- Directed by: Kamal
- Produced by: Sanjay
- Starring: Daniel Balaji; Preethi Das; Anoop Kumar;
- Cinematography: G. Kanakaraj
- Edited by: R. T. Annadurai
- Music by: Agastya Praveen Savi (1 song)
- Production company: Entertainment Unlimited
- Distributed by: Star Studio Release
- Release date: 14 March 2014;
- Running time: 160 minutes
- Country: India
- Language: Tamil

= Marumugam =

2014 Indian film by Kamal

Marumugam is a 2014 Indian Tamil-language psychological thriller directed by Kamal and starring Daniel Balaji, Preethi Das, and Anoop Kumar.

== Plot ==
Mayazhagan, a clay sculptor, kills women who are attracted to him. He uses their bodies to model his clay sculptures. He falls in love with Radhika, who is in love with Ram. Mayazhagan gets engaged to Radhika. When he learns about Radhika's love affair, he decides to kill her. Whether or not Radhika escapes and reunites with Ram form the rest of the story.

== Production ==
The film is directed by Kamal, who previously wrote the story and screenplay for the Malaysian Tamil film 12 Hours. He previously worked under Aabavanan and R. Aravindraj and this film marks his directorial debut. The film began production in early 2012. The film is produced by Subramaniam's Sanjay, who works with imported furniture. The songs are scored by guitarist Agastya, who worked on several Telugu-language films. He was signed after he showed Subramaniam his songs from a Telugu film. Daniel Balaji was cast to play a serial killer. This film marks the second time he plays the lead role after Muthirai (2009). Newcomer Preethi Das was signed to portray a 12th standard student. Anoop Kumar, who played one of the leads in Chikku Bukku, was brought in to play Preethi Das's lover. His character is that of a romantic hero. Kumar did several risky stunts for his character. The film was shot in Kodaikanal, where two songs were shot, and one song was shot in the Tamil Nadu and Kerala border.

== Soundtrack ==
All the songs were composed by Agastya except for "Nee Illatha Vazhkai", which was composed by Praveen Savi. K. S. Ravikumar, Manivannan and Aabavanan attended the audio release function.

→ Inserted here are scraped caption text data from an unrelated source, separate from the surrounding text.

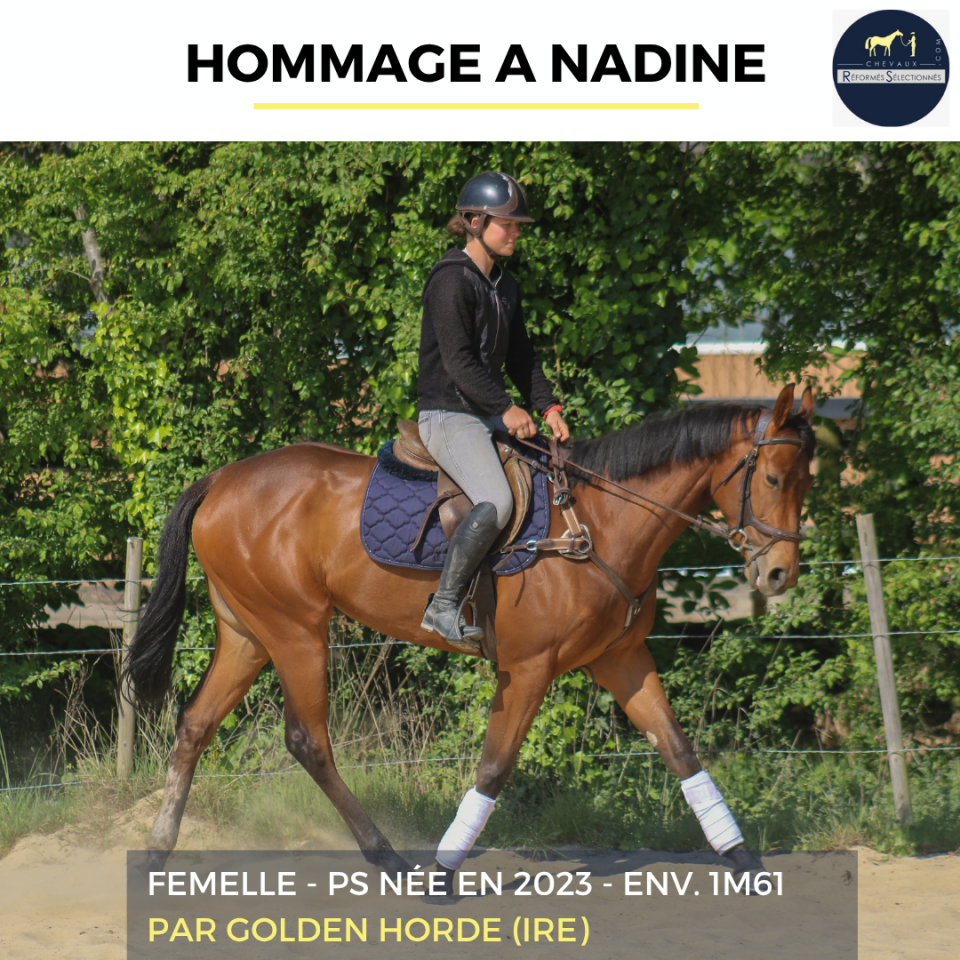 Mare Thoroughbred For sale 2023 Bay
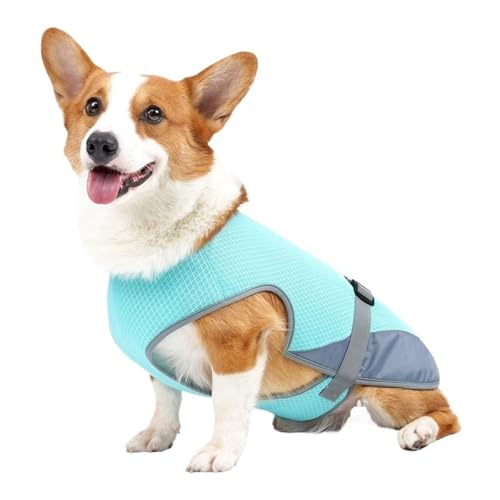 Kühlweste for den Sommer, Kleidung for kleine und mittelgroße Hunde(Blue,S) von VRKRTVBLB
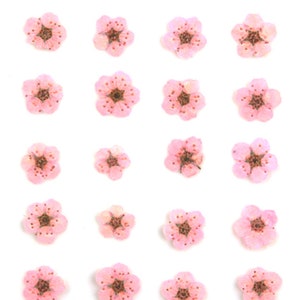 Pressed flowers, baby pink bridal wreath 20pcs floral art, resin craft, nail art, jewellery making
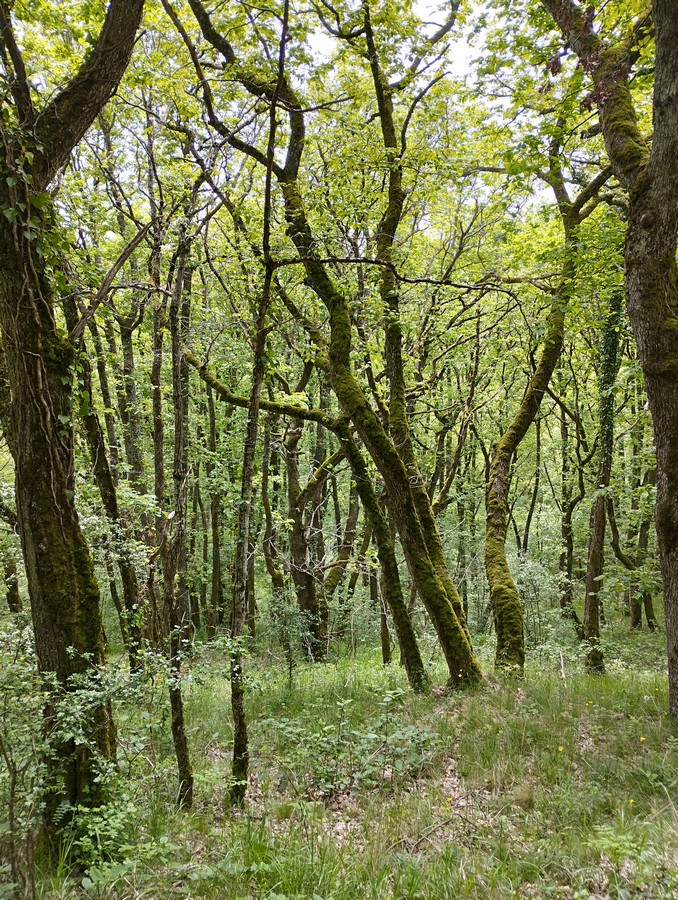 Les-Ombelles-Volvic-Auvergne_8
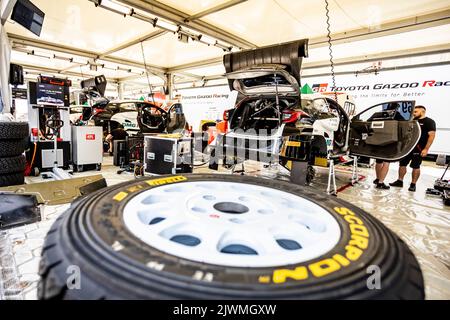 Ambiente durante il Rally dell'Acropoli Grecia 2022, 10th° round del WRC World Rally Car Championship 2022, dal 8 al 11 settembre 2022 a Lamia, Grecia - Foto Nikos Katikis / DPPI Foto Stock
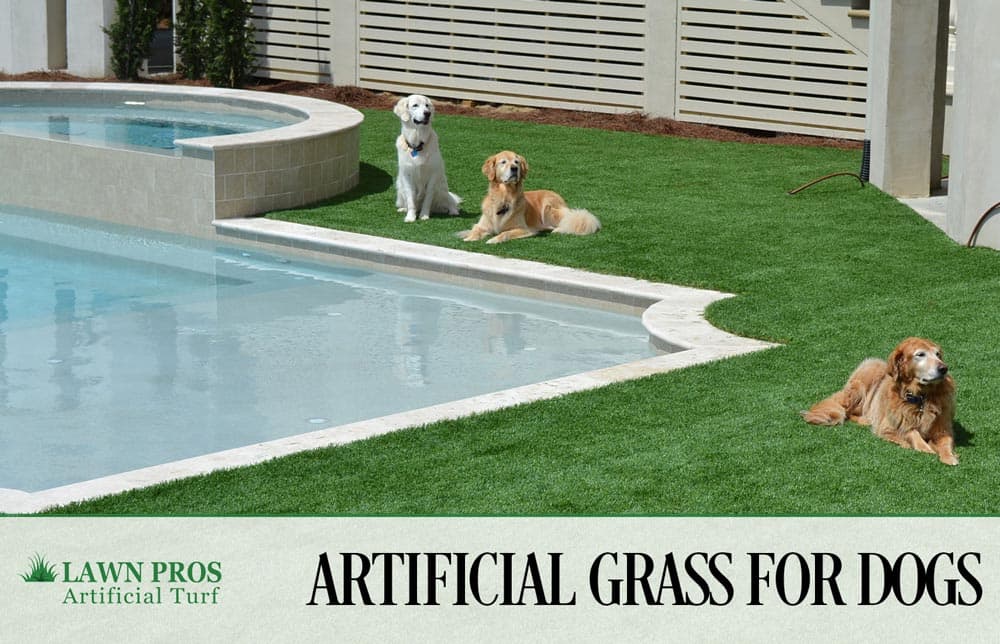 Gallery image 13 — affordable artificial turf Cherry Hills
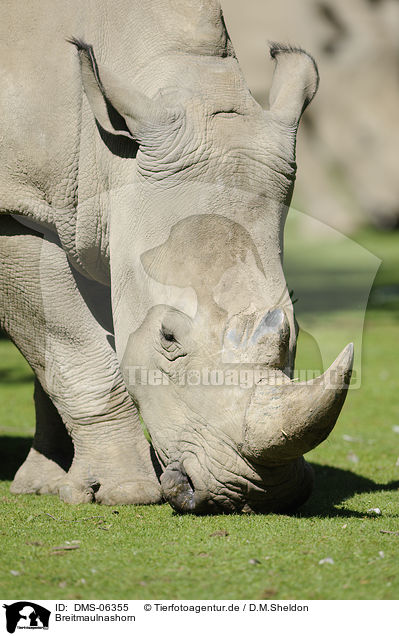Breitmaulnashorn / square-lipped rhino / DMS-06355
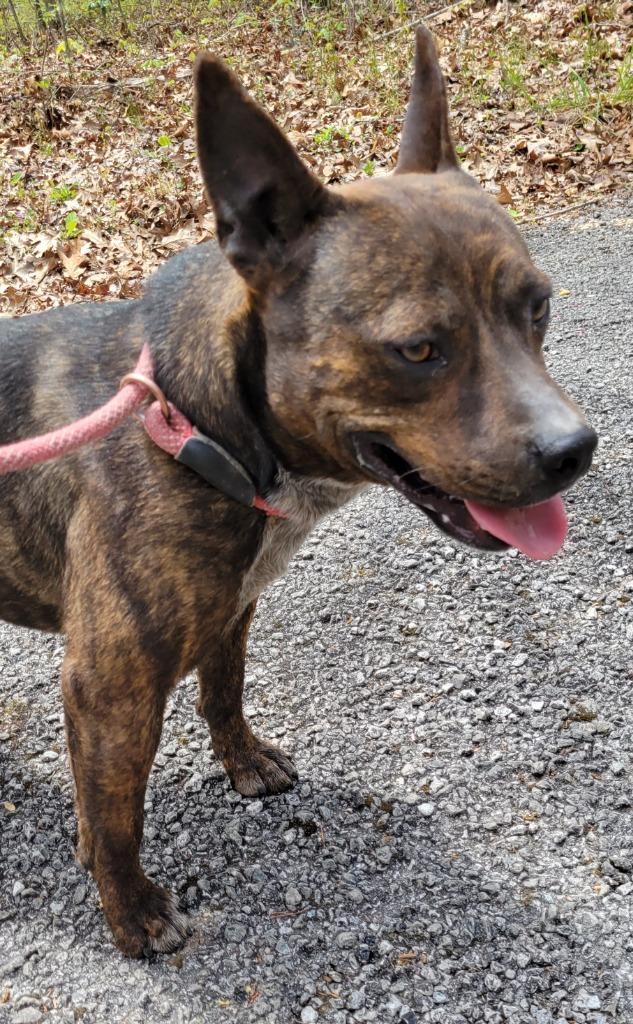 Enlarge Rocket Man, a Adoptable Feist in Crossville, TN image 5/6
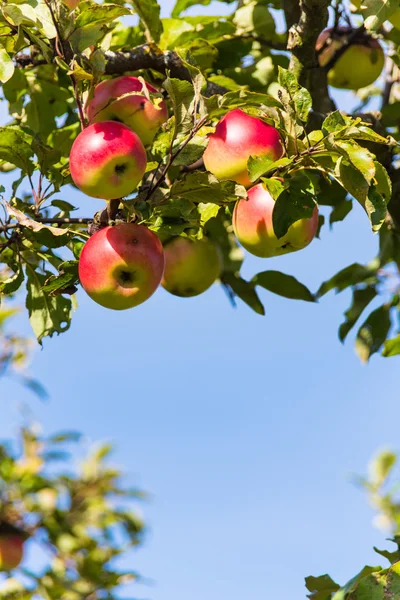 Apples in the fall on an apple tree — Stock Photo, Image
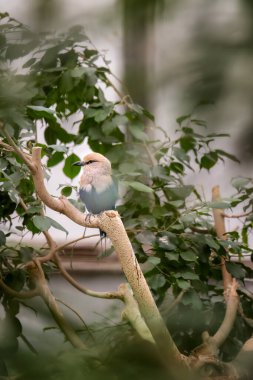 Close up photo of Blue-bellied roller (Coracias cyanogaster) sitting on a branch with green background. clipart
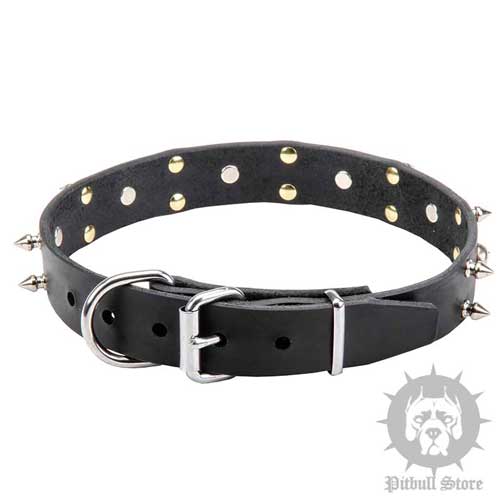 Pirate Dog Collar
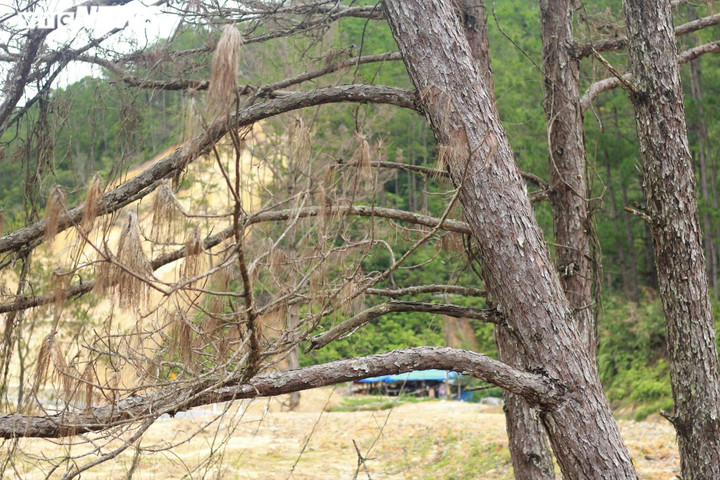 Ảnh: Hàng loạt cây rừng dọc dự án quốc lộ 24 chết khô - 4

| Song | Singer | Lyricist |
| "Kuru Kuru Kannale" | Saindhavi | Eknath |
| "Kattre Kadhal Kattre" | Agastya |
| "Kathadi Kattukule" | Ranina Reddy |
| "Boom Boom" | Belliraj, Chinmayi |
| "Nee Illatha Vazhkai" | Praveen Savi, Ranina Reddy | Praveen Savi |

== Release ==
The Times of India gave the film a rating of one out of five stars and wrote that " The only appreciable thing here is the title credits sequence, which captures the vibe of lurid pulp thrillers, something that the film tragically fails to realize". A critic from Maalai Malar praised Daniel Balaji's acting, the screenplay, and the cinematography.